As we've been covering over the past few years, there's been a big battle going on over the copyright status of "pre-1972 sound recordings." That may sound like a weird thing to be arguing over, but it's due to a weird bit of history in US copyright law. You see, for a very long time, Congress believed that copyright law could not
cover sound recordings. However, various states stepped in and either through explicit state law or through common law, created copyright-like regulations for sound recordings. When copyright was finally updated in the 1976 Copyright Act, pre-1972 works were left out of the federal copyright system, even as federal copyright law basically wiped out all state copyright law for everything else.
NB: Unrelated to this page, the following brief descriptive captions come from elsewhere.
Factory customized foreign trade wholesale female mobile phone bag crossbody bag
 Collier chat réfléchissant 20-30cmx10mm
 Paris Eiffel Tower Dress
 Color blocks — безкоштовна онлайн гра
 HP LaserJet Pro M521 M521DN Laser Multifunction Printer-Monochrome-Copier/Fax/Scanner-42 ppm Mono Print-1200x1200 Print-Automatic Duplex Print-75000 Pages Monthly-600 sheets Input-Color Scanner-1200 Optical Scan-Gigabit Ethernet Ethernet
This has created some weird issues, including that some songs that should be in the public domain under federal copyright law are locked up
in perpetuity. A simple and reasonable solution to this would be to just move pre-1972 sound recordings under federal copyright law and level the playing field. But, the RIAA has resisted this. That might seems strange, until you realize that the RIAA and its friends saw this weird quirk of copyright law as a wedge issue with which to try to squeeze more money out of everyone.
It started a couple years ago when basically everyone started suing Sirius XM
for playing pre-1972 music without getting a separate license to do so. Once again, the reasoning here is a bit complex, but prior to the 1976 Act, there really wasn't even any concept of a "public performance right" for sound recordings -- only for compositions. The idea of one for sound recordings only came into existence with the updated copyright law. But what the RIAA and friends are trying to do is to rewrite history and pretend that these various state laws also retroactively meant
to include a public performance right, and that these newer services were violating it.
In a series of rulings in the last year, Sirius XM has lost
lawsuits, while winning
another one. This has many copyright scholars quite concerned
that decades of settled law are being tossed out.
More importantly, we pointed out that this could mean the end of hearing classic songs
from the 50s and 60s on internet and satellite radio. But, it appears that the RIAA and friends are not
stopping there. Last month they took things up a notch and started suing terrestrial radio stations over pre-1972 music as well
And that brings up a whole different issue. As you probably know, terrestrial radio does not need to pay at all
for the use of sound recordings (it does
pay songwriters/publishers for the use of the composition), because Congress has (correctly) noted that songs on the radio are a form of advertising, and thus the musicians benefit from it, and there's no reason to pay fees for the performance again. While the RIAA whines about this, the major labels own decades-long practices around payola make it clear that they, too, recognize that radio play is valuable
for the musicians and worth paying for -- rather than worth being paid for.
Every few years, the RIAA pushes to have Congress change the law, and to start making terrestrial radio pay a "performance rights fee" for sound recordings as well. But that never seems to get anywhere. So, instead, the RIAA appears to be attacking this via the pre-1972 loophole, and claiming that even though Congress explicitly has said that radio doesn't need to pay, such a promise does not apply to pre-1972 songs. The new lawsuits, from ABS entertainment, aims to be a class action lawsuit for a bunch of pre-1972 music, and has targeted terrestrial broadcasters who also stream online, including CBS, iHeartRadio (previously known as Clear Channel) and Cumulus -- the big three radio broadcasters.
In the meantime, one of the first original cases concerning this issue, against Pandora, has now moved to the 9th Circuit appeals court and a whole bunch of copyright experts have weighed in
hoping that the appeals court will reverse the lower court and remind everyone that these state laws never included a public performance right in the first place. Unfortunately, this is the 9th Circuit, which is somewhat famous for its wacky copyright rulings, so pretty much anything goes here. However, should it come out in favor of the RIAA's position, it could mean that pre-1972 music will start disappearing not just from streaming and satellite radio, but from traditional terrestrial radio as well.